Richard Miskella, partner at law firm Lewis Silkin, says businesses that adopt blind recruitment signal a commitment to diversity - which is a powerful recruitment tool in itself - there are disadvantages to the strategy.
"If effective but badly implemented, so much data is stripped out that candidates become indistinguishable and it impedes hiring decisions," he says.
"In the worst case it can also be discriminatory - for example if a female applicant discovers that birth dates were removed but gender was not, that could be used to found a sex discrimination claim by arguing that the employer was aware of the risk of bias but didn't care about gender bias."
Steven Frost, a diversity expert and co-author of Building An Inclusive Organisation, says there has been a rise in the use of blind recruitment in the past few years, which is a "step in the right direction" for diversity.
But organisations can do more to improve their diversity recruitment through tactics such as interviewing candidates in teams rather than individually, so that there is a mix of people making the hiring decision, he argues.
Employers should also be consistent with their questions so there is an equal playing field for interviewees.
Career coach Corinne Mills agrees that, while blind recruitment is good for removing one of the first hurdles for an ethnic minority applicant to getting a job, if a company is proactively trying to recruit a diverse mix of candidates, anonymising CVs can have the opposite effect of blocking these same minority job-seekers.
"How far do you take it?

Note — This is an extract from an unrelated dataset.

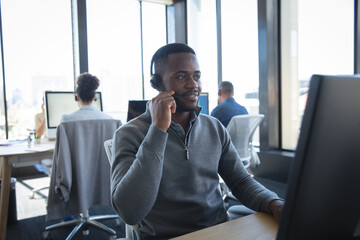 African American business man wearing a headset phone in office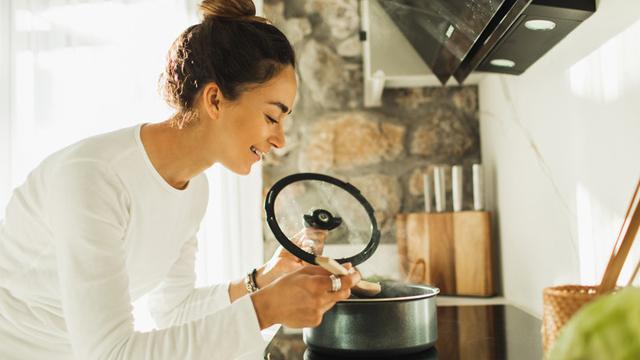 Woman stirring cooking in a saucepan in the kitchen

It's not realistic to remove everything from a CV, and some information, such as the university the interviewee attended, could be important to the role they are applying for.
"You can never totally make it a level playing field, but removing names is a good start," she says.
It is in a business's best interest to have a diverse workforce. According to a 2017 study by consultancy McKinsey, companies with a healthy balance of men and women are 15 per cent more likely to outperform their competitors, while those with employees from a good mix of ethnic backgrounds are 35 per cent more likely to excel.
Kate Thrumble, talent director at advertising agency Momentum Worldwide, which implemented blind recruitment a year ago, says the move has helped increase -diversity.
"All CVs that come to us have the name removed and any clues to their ages, such as the dates they attended university. We've definitely seen an uptick in people from diverse backgrounds, although obviously we don't know for sure if there is a direct correlation. At the moment it's trial and error. Increasing diversity won't happen overnight - the industry needs to tackle the issue as a whole."
Virgin Money, which introduced a blind recruitment process three years ago, says the number of BAME (black, Asian, and minority ethnic) candidates being selected for interview rose by 5 per cent during this period.
Dynamo PR, a London-based agency that brought in blind recruitment to encourage a wider mix of candidates, says the move resulted in a 50 per cent increase in applicants, with two recent hires specifically applying because the agency promised blind recruitment.